Das Grauen 18.08.2011
An der Selbsterkenntnis in der letzten Geschichte ist schon was dran. An der konsequenten Umsetzung hapert es aber noch. Hoffentlich geht das gut aus.
2. Langsam reichts
makutsov 18.08.2011
So langsam wirds albern. Die Serie verkommt mittlerweile irgendwie zu "Wächentliche Fotos der hübschen Wlada". Wo da jetzt der Informationsgehalt im Artikel sein soll, weiss ich nicht. Entweder Substanz oder was anderes an die Stelle! Wenns nur um Klicks geht, legt Euch doch ein Startseitengirl zu.
3. Dito
Narn 18.08.2011
Zitat von Das GrauenAn der Selbsterkenntnis in der letzten Geschichte ist schon was dran. An der konsequenten Umsetzung hapert es aber noch. Hoffentlich geht das gut aus.

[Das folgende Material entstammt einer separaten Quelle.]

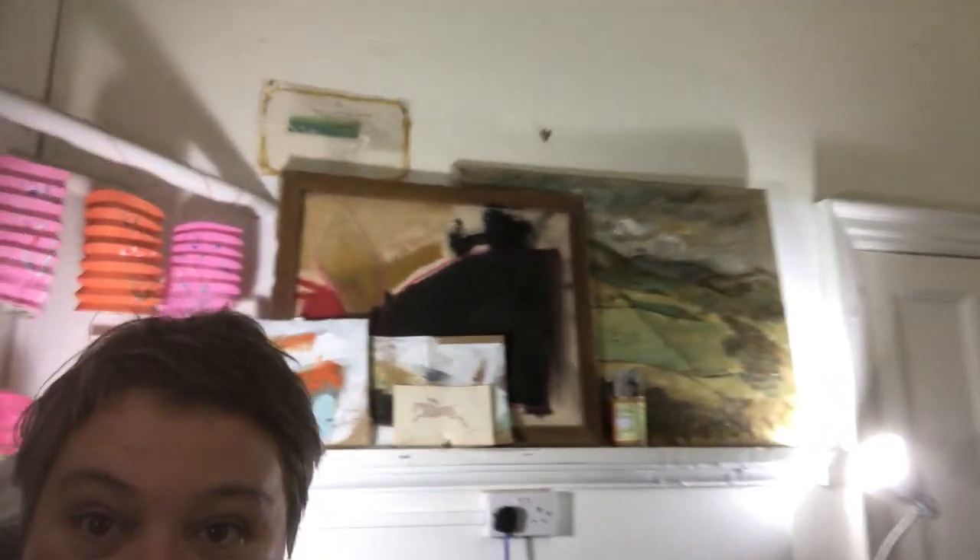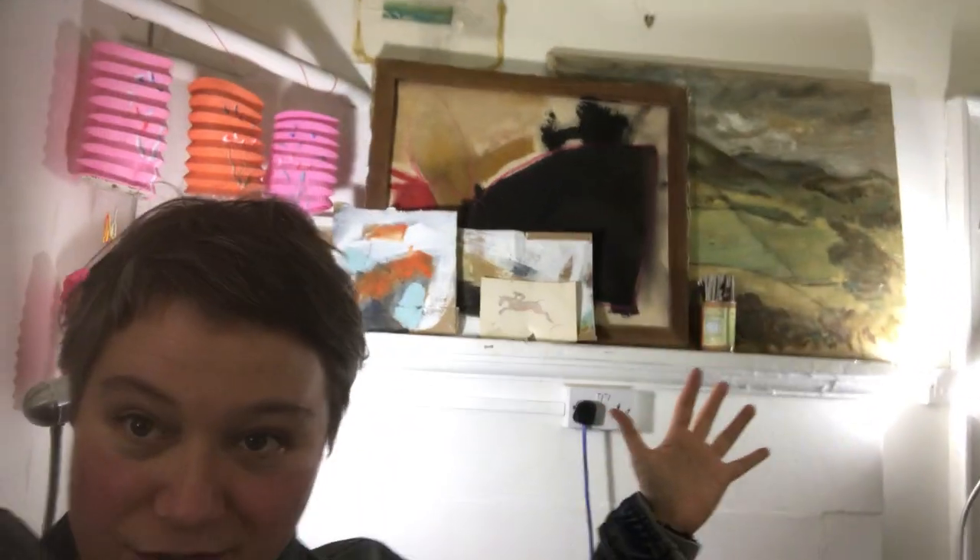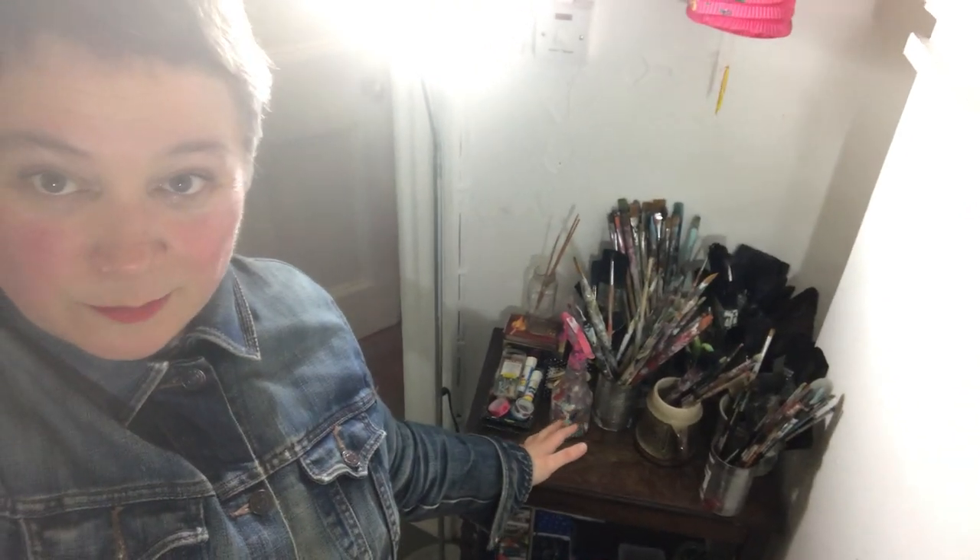Just reorganizing things. That computer's there because it doesn't work. That used to be my old palette before I started using this big old table, so those are probably going away — hopefully the computer can be fixed. Got some different kinds of things happening on the old mantle. And I've got the brush station here — we've got lots of brushes.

Mensch Wlada! Du machst sachen! Genau das hab ich auch gedacht. Scheint ja trotzdem ganz lustig gewesen zu sein. Las sich jedenfalls so.
4. Wlada in der Ukraine
berlin_rotrot 18.08.2011
Interessanter Bericht über die Kommerzielle Rave Party "Kazantip" - bitte vermerken dass die meisten Ukrainer sich den Eintritt und Preise auf diese Party nicht leisten können. Gut wenn man aus Deutschland kommt und somit das Geld nicht das Problem sein sollte ;-)
5. Unterhaltung
Narn 18.08.2011
Zitat von makutsovSo langsam wirds albern. Die Serie verkommt mittlerweile irgendwie zu "Wächentliche Fotos der hübschen Wlada". Wo da jetzt der Informationsgehalt im Artikel sein soll, weiss ich nicht. Entweder Substanz oder was anderes an die Stelle! Wenns nur um Klicks geht, legt Euch doch ein Startseitengirl zu.
Ich weiß nicht wo das Problem sein soll. Zu informieren war von Beginn an nicht Sinn und Zweck von Wladas Reiseberichten. Sie sollen unterhalten, und zumindest mich unterhalten sie ganz großartig.